NASA is sending its first Black and first female astronauts to the moon


NASA is preparing to launch a mission to the moon — and it’s making history for more reasons than one.

The space agency’s Artemis II launch marks the U.S.’s first journey back to the moon in more than 50 years. It will also carry the first Black astronaut and the first female astronaut to travel to the moon, though the mission will be a flyby without a touchdown on the surface.

The launch, originally scheduled for early February and now delayed, will carry four astronauts around the moon and back, including Victor Glover and Christina Koch, the first Black and first female astronauts, respectively, to make the flight.

The mission follows the success of the Artemis I launch in 2022, which was uncrewed, and marks NASA’s next step toward eventually sending astronauts to Mars.

“The benefits of the Artemis program are technological, but they’re also cultural,” Glover, who is a decorated U.S. Navy captain and has traveled to the International Space Station, said in a 2024 NASA video. “What really means something to me is the inspiration that will come from it, inspiring future generations to reach for the moon, literally to reach for the moon.” 

Koch began her career at NASA, starting as an engineer and going on to conduct scientific research before becoming an astronaut in 2013, also traveling to the International Space Station.

“The one thing I’m most excited about is that we are going to carry your excitement, your aspiration, your dreams with us on this mission,” Koch said at the 2023 press conference when the mission’s astronauts were announced.

Danielle Wood, a professor in the astronautics department at Massachusetts Institute of Technology, said this mission builds upon decades of NASA’s work, including lessons learned from its previously failed endeavors.

“NASA’s been thinking through this whole process, two decades’ worth, of what we’re going to do is prepare the government to focus on these harder, next-generation missions and be able to do things that are not already demonstrated,” Wood told CNBC.

Wood said she’s also thankful that NASA has created a commitment to sending more diverse astronauts to space who “represent society in a more broad way.” Though the space agency initially emphasized military training for astronauts, she said opening up those requirements has led to exciting developments.

“It is still the case that there are many firsts, many glass ceilings, that need to be broken by Black women and Black men and women in general — that’s still real,” Wood added.

The mission will encompass more than just an exploratory journey to the moon too, she said.

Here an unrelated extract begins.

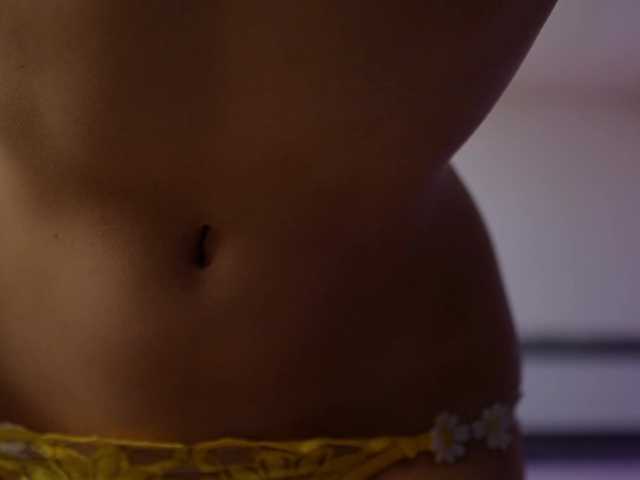 SexyCelline live webcam show
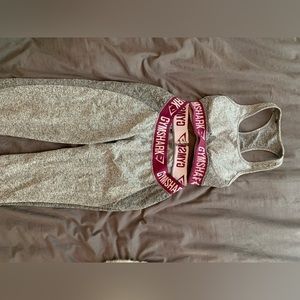 COPY - Gym shark set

NASA will be conducting scientific research on the astronauts’ health, the rocket and the science of the moon. The mission is also working in conjunction with other countries, like Saudi Arabia and Germany, as part of “goodwill” agreements to pool together resources for moon research, Wood said.

“That’s just one step for this bigger, new form of operation,” she said.

Space historian Amy Shira Teitel, who’s been studying space for more than two decades, said Artemis II is the beginning of NASA’s next chapter of research.

“It’s marking a new era of leaving low Earth orbit, which we haven’t done since 1972,” she told CNBC. “It’s still a significant step because at the end of the day, we’re still going to gain some information that can be applied to whatever the next step is.”

Still, Teitel has her doubts about whether this launch will be the first step toward a lasting presence on the moon. Between budget restraints, multiple launch delays and complicating political factors, Teitel said the rocket launching this mission is “widely regarded as a huge boondoggle.”

That comes even as the space sector — and the journey back to the moon — has become more crowded.

Elon Musk’s SpaceX announced earlier this month that it was shifting its efforts from Mars explorations to moon explorations. Texas-based rocket and spacecraft builder Firefly Aerospace and Houston-based space startup Intuitive Machines have both sent spacecraft to the moon.

And NASA plans to retire the International Space Station in favor of smaller space stations focusing on the moon and Mars, with costs adding up. The U.S. Senate has also advanced legislation to support NASA’s advancements and create thousands of aerospace jobs, especially in Alabama, where the Marshall Space Flight Center is located.

Though the Artemis II launch will mark a significant step in NASA’s history, Teitel said she is choosing to remain cautiously optimistic about the future of space exploration, despite the hurdles.

“There’s so many challenges with this program right now stemming from policy, not from the astronauts or the engineers, just stemming from the fact that space is so complicated and so rooted in politics and so expensive that it’s hard to be that thrilled about this as the next step when everything else feels so tenuous,” Teitel said.